Dataset records:
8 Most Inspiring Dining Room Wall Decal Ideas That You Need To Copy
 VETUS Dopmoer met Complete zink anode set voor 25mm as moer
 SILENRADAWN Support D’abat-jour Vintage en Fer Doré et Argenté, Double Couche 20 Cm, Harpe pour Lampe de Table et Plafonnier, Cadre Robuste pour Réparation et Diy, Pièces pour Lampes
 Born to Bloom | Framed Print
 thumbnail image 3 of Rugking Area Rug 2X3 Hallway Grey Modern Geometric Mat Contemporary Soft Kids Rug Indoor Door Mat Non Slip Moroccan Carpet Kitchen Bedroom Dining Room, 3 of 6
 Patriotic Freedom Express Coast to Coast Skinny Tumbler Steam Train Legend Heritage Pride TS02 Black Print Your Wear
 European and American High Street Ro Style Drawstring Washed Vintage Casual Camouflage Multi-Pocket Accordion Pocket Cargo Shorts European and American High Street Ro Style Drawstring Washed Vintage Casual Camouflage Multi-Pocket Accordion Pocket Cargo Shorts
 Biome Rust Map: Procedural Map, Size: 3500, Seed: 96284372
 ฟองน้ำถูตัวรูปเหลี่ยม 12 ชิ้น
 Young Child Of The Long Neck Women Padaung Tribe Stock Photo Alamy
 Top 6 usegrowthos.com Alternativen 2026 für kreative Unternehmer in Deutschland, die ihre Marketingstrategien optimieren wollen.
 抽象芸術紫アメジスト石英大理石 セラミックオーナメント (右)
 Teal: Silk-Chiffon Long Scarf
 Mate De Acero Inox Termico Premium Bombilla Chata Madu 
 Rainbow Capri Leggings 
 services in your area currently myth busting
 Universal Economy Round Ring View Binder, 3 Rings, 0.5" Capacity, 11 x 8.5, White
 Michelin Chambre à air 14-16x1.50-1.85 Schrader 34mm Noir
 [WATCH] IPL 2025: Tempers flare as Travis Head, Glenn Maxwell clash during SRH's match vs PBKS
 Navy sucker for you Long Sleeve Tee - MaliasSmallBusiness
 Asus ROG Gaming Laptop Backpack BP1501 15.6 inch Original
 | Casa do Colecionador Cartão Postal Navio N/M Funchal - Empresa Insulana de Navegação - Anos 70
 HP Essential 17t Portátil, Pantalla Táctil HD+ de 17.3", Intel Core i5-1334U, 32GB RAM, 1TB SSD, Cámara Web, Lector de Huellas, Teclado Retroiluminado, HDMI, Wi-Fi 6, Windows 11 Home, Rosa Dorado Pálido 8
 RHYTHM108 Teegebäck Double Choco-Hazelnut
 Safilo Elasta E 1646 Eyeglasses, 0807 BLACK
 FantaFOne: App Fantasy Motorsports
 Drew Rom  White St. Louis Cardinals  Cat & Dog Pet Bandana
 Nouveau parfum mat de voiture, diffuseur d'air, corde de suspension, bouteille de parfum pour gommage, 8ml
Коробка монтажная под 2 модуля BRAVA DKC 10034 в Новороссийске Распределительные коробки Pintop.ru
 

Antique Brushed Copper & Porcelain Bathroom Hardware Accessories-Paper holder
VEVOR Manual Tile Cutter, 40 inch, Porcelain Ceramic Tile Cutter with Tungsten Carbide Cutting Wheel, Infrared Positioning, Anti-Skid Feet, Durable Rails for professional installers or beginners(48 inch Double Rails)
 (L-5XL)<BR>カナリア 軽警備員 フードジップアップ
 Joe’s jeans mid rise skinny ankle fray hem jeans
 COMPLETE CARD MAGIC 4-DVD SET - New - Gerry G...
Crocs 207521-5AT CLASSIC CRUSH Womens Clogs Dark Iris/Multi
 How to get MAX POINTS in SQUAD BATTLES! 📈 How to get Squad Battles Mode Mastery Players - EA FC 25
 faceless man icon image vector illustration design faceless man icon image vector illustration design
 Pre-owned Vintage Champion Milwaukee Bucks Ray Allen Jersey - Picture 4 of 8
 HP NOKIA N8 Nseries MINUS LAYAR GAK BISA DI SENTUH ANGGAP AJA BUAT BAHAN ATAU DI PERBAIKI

About this exercise:
The records are above. How many lines in them contain the word "Long"? Give the number alone.

The answer:
3